[Date Prev][Date Next][Thread Prev][Thread Next][Date Index][Thread Index]
[GNU-COBOL] GNU-COBOL design concepts: zPROCs and TLP
In a message dated 10/27/99 10:04:54 PM EST, root@pobox.com writes:
<< The lexer and parser are not things to be done in isolation, though.
They produce the symbol table and the first intermediate form of the
program. To be acceptable, a parser needs to be able to separate
the universe into those things that can be compiled and those things
that can be diagnosed. A _good_ parser will, as well, produce structures
that facilitate straightforward, efficient and minimally error prone
translation into efficient machine code. Let's get all this stuff out
in the open, where we can stare at it. >>
So, staring at this, ... there will be a lexer, a parser, a symbol table
(SYMT), and a first intermediate form (FIF). That much implies a
FIF-processor that inputs the FIF and outputs either other intermediates or
the GCC code.
There is certainly also a preprocessor and an error processor.

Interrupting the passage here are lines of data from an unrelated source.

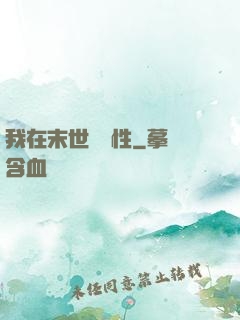 我在末世撿屬性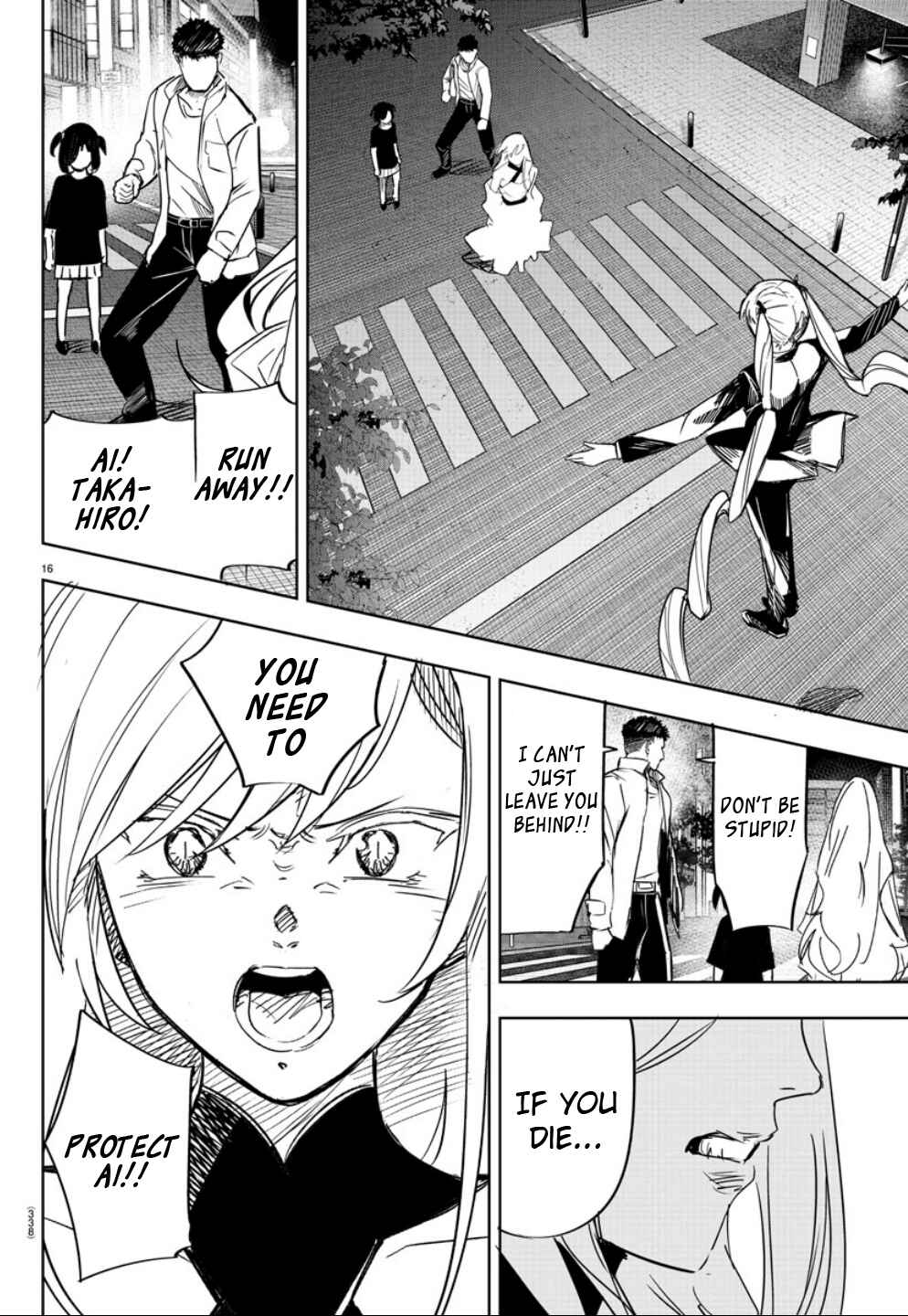 Page 16 Chapter 11 Haiiro no Onmyouji
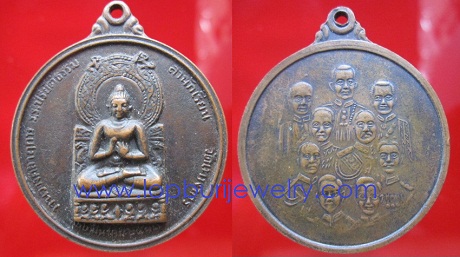 เหรียญกลมใหญ่ วัดเทพพากร ปี2513 หลวงพ่อกวยเสก จ.สุพรรณบุรี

If it is advisable that these things not be done in isolation, then it is
probably advisable that we not isolate ourselves from UNIX fundamentals. UNIX
is a multi-tasking operating system. Perhaps, the basic spin of GNU COBOL
should be a spawn of Distinct Division Processors. I will call these zPROCs.
Conceptually, it may be useful to envison the preprocessor as generating the
zeroith intermediate form (ZIF), which would infact be COBOL (just like the
big guys do on the mainframe when they 'preprocess' DB2 (SQL) and CICS
statements and emit a fully expanded COBOL program (actually before COPY
statement expansion, an Achilles heel if there ever was one; so not quite
'fully' expanded by preprocessors on mainframes).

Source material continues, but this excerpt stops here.